Он не терпел пустопорожнего бездушного щегольства в искусстве и не прощал огульной напраслины никому, даже тем, кого уважал и чей талант признавал. Слова любимого им и мною Бродского – «…По пустынной равнине ползут русские танки…Мне стыдно за Россию» – вызвали у нашего кроткого друга просто ярость: «…Те танки, что бродили по Афганистану, / он русскими назвал; по мне – это кощун… / Машины были те советскими на деле, … / То интернацьонал – фантом большевиков – / с дырой беды себе афганский выпек бублик…/ Но тот – лауреат-поэт не бесталанный, / чем думал он, когда Россию так чернил?/ Иль мало ей поклёпов выпало?..». Мне нечасто удавалось близко общаться с людьми, которым дана была такая интенсивная эмоциональная жизнь: он работал с упоением, каждая его художественная «находка» давала импульс поэтическому слову… Физически он всё больше истончался, становился всё суше и худей, его неизменно элегантный пиджак уже просто болтался на нём (болезнь незаметно подтачивала его).

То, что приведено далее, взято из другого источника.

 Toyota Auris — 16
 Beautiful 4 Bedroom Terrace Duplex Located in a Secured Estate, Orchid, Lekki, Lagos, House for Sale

Он любил Керчь, свою «южную родину», посвящал ей стихи. Социальные проблемы города, его «маргинальность» бередили неравнодушную душу. В «Венке сонетов городу Керчи» он писал о былой славе древнего города и предрекал ему возрождение: «Патриарх городов на Тавриде / Двадцать шесть за спиною веков / В неприглядном находишься виде, / но по сути-то ты не таков /…/ Много пережил ты, много видел / Много тайн и сокровищ в тебе. / Умираешь, как бык на корриде, / Но воспрянешь к трудам и борьбе. /… / Но поверь мне, мой город несчастный, / К величайшим событьям причастный, – / Впереди ещё звёздный час-пик…». Он много писал о Крыме, страдая со всем народом от неправды и агрессии врагов России. Как радовался он возвращению Крыма в родную нам всем обитель! Этот человек своей чистой, доброй душой желал счастья людям, своему городу, своей Родине: «Будет впереди планеты всей она, – / Умная, красивая могучая./ Близоруким нынче мнится серою. По завету прозорливца Тютчева / Мудрые сильны в Россию верою…».

Он ушёл в начале зимы 2016 года – полноправным гражданином России. Сильна Россия такими людьми: с мощным духом, верными, любящими и светлыми в помыслах, умными и талантливыми. «…Если б – «Кто ты?», – меня спросили, / Я б ответил: «Борис Васильев, / Но не тот, что учил людей – /«Не стреляйте в белых лебедей!» / Нет, я не тот, я – другой, / Быть может, вовсе не избранник,/ Но сам собой гонимый странник, / С хмельною русскою душой».

Часто его совершенно пронзительные строки стихов бередили мне душу, вызывая горькие слёзы. И теперь я плачу по светлому человеку, помогавшему мне в трудное для всех нас время поддерживать мой тоскующий дух.